Helping liberals get out of their own way.

Klein, a New York Times columnist, and Thompson, an Atlantic staffer, lean to the left, but they aren’t interrogating the usual suspects. Aware that many conservatives have no interest in their opinions, the authors target their own side’s “pathologies.” Why do red states greenlight the kind of renewable energy projects that often languish in blue states? Why does liberal California have the nation’s most severe homelessness and housing affordability crises? One big reason: Liberal leadership has ensnared itself in a web of well-intentioned yet often onerous “goals, standards, and rules.” This “procedural kludge,” partially shaped by lawyers who pioneered a “democracy by lawsuit” strategy in the 1960s, threatens to stymie key breakthroughs. Consider the anti-pollution laws passed after World War II. In the decades since, homeowners’ groups in liberal locales have cited such statutes in lawsuits meant to stop new affordable housing. Today, these laws “block the clean energy projects” required to tackle climate change.
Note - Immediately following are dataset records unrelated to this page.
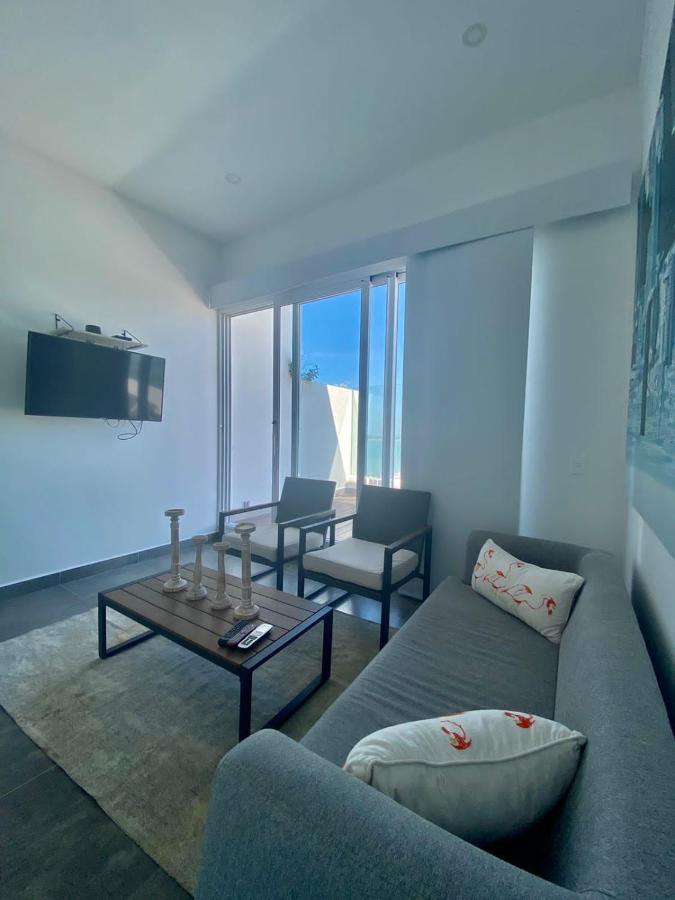 12 Personas En Morros Apto Familiar Frente Al Mar 4 Hab Playa Piscina *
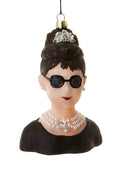 Audrey Hepburn Ornament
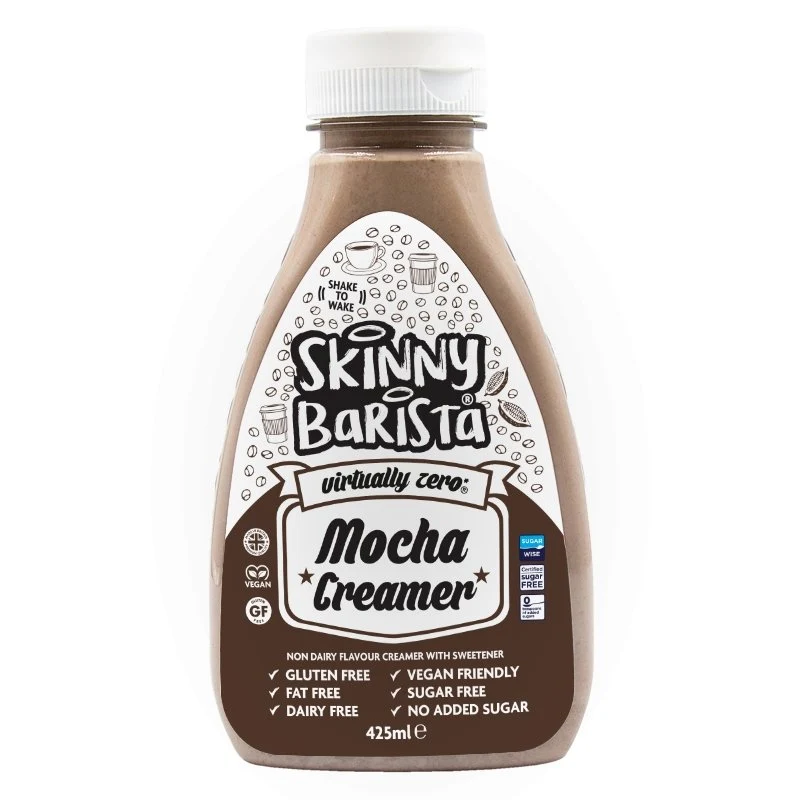 Mokka Creamer - Magere koffiemelk zonder zuivel - 425ml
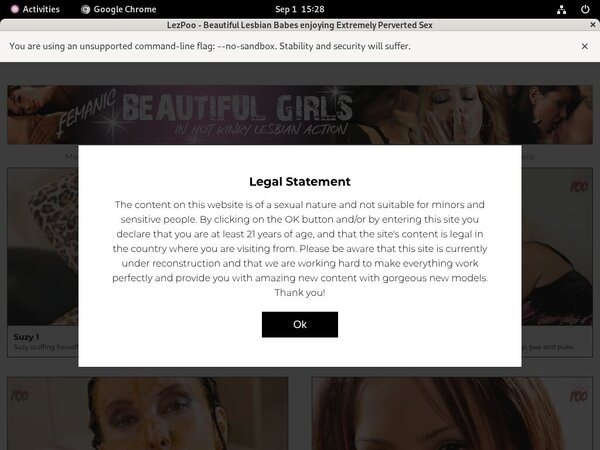 Lez Poo Free Code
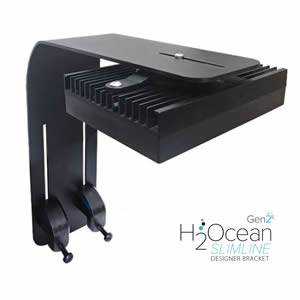 AI H2Ocean Slimline G2 držák pro AI Hydra 32/64HD, černá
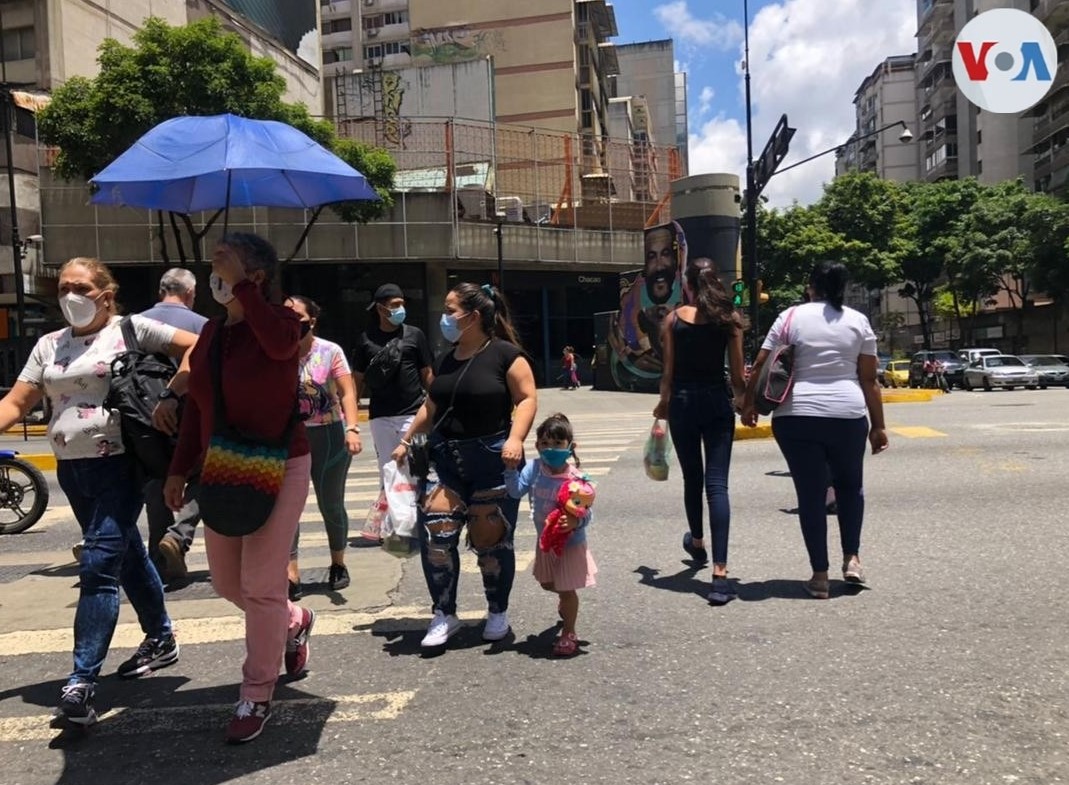 La imagen cuenta: ¿Cómo es un día en la capital de Venezuela?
Nuclear energy is “inarguably safer” than the fossil fuel variety, but because Washington doesn’t always “properly weigh risk,” it almost never builds new reactors. Meanwhile, technologies that may cure disease or slash the carbon footprint of cement production benefit from government support, but too often the grant process “rewards caution and punishes outsider thinking.” The authors call this style of governing “everything-bagel liberalism,” so named because of its many government mandates. Instead, they envision “a politics of abundance” that would remake travel, work, and health. This won’t happen without “changing the processes that make building and inventing so hard.” It’s time, then, to scrutinize everything from municipal zoning regulations to the paperwork requirements for scientists getting federal funding. The authors’ debut as a duo is very smart and eminently useful.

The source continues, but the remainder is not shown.